● DIRECTIONS FOR THIS TASK: Exclude the pictures, then repeat exactly each line from the one containing "可是从我见到她 爱上了她 我才发现爱情不是我们能懂的" to the final line of the records that follow.
:: DATA SHOWN ::
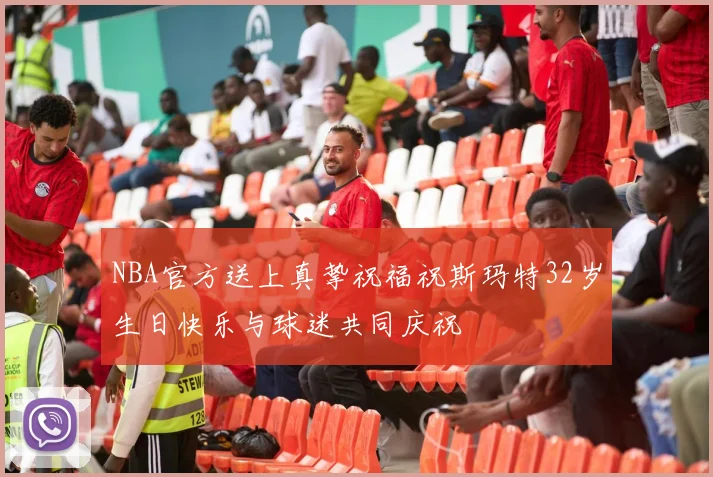 NBA官方送上真挚祝福祝斯玛特32岁生日快乐与球迷共同庆祝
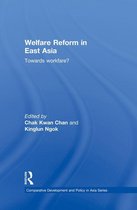 Comparative Development and Policy in Asia - Welfare Reform in East Asia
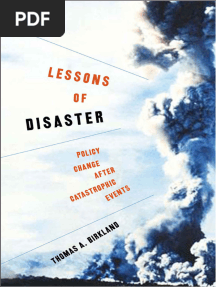 Lessons of Disaster Policy Change After Catastrophic Events (Thomas a. Birkland) (Z-Library)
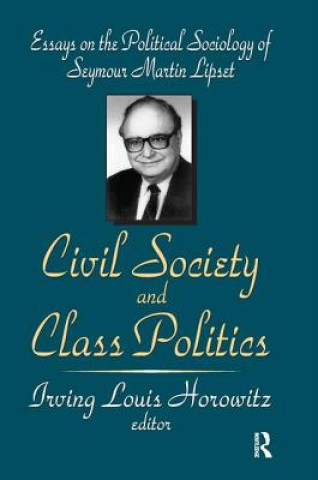 Kniha Civil Society and Class Politics HOROWITZ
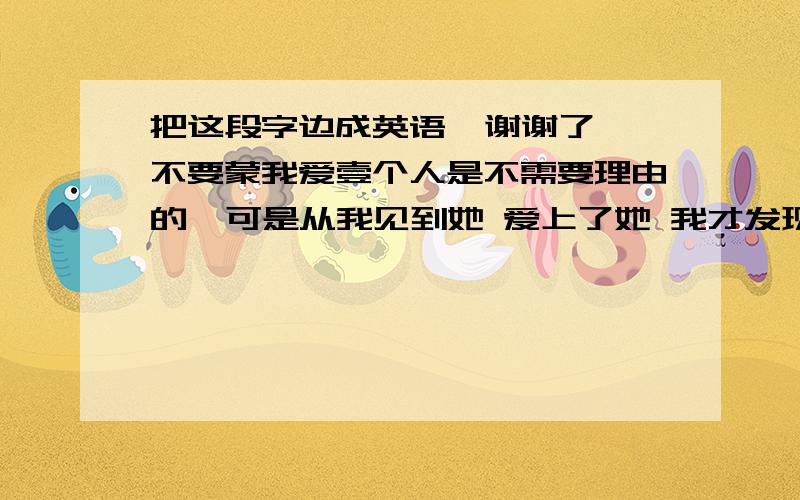 把这段字边成英语  谢谢了 不要蒙我爱壹个人是不需要理由的  可是从我见到她 爱上了她 我才发现爱情不是我们能懂的 往往到最后伤的还是自己 她是我第壹个说 我爱你的人  可是事事都不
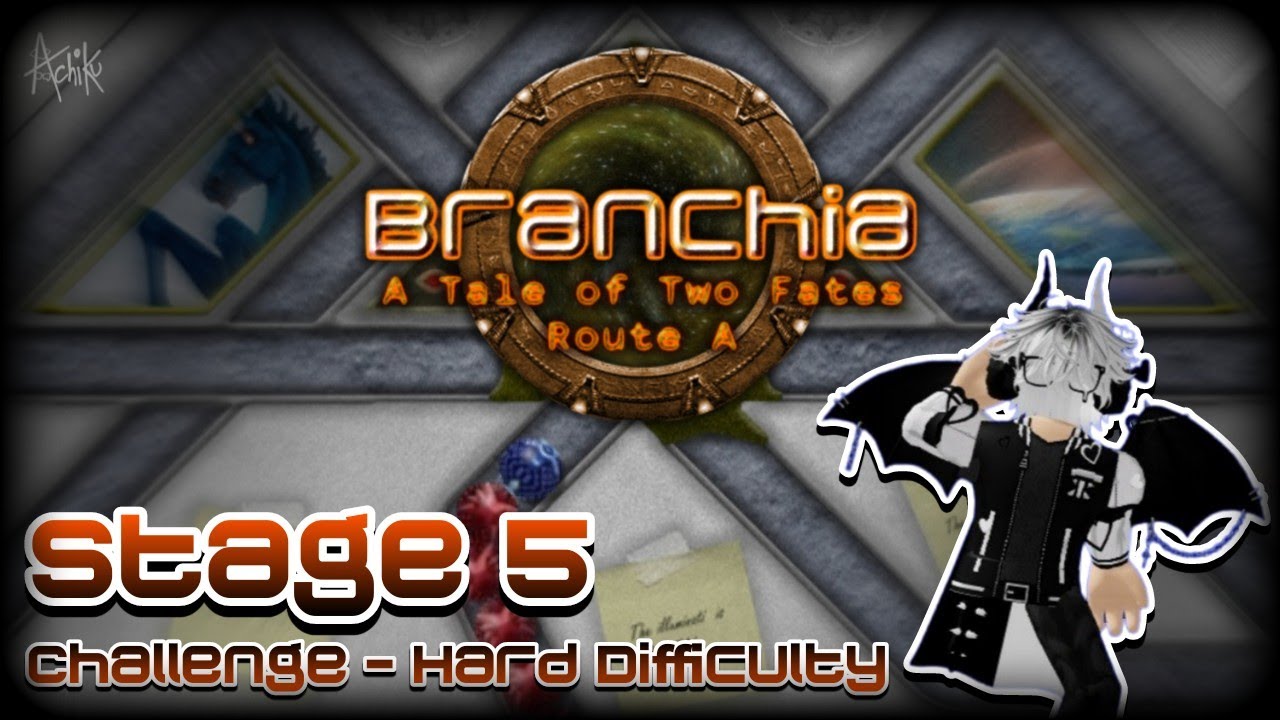 Branchia: A Tale of Two Fates (Route A) | Challenge Mode | Stage 5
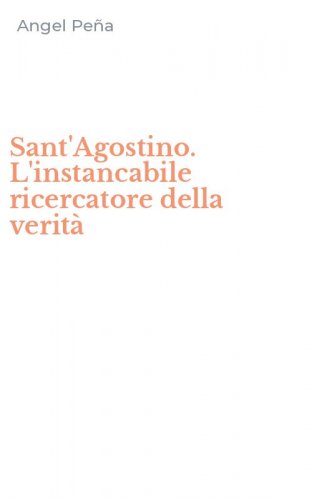 Sant'Agostino. L'instancabile ricercatore della verit&agrave;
:::
● SOLUTION TO THIS PROBLEM:
 把这段字边成英语  谢谢了 不要蒙我爱壹个人是不需要理由的  可是从我见到她 爱上了她 我才发现爱情不是我们能懂的 往往到最后伤的还是自己 她是我第壹个说 我爱你的人  可是事事都不
 Branchia: A Tale of Two Fates (Route A) | Challenge Mode | Stage 5
 Sant'Agostino. L'instancabile ricercatore della verit&agrave;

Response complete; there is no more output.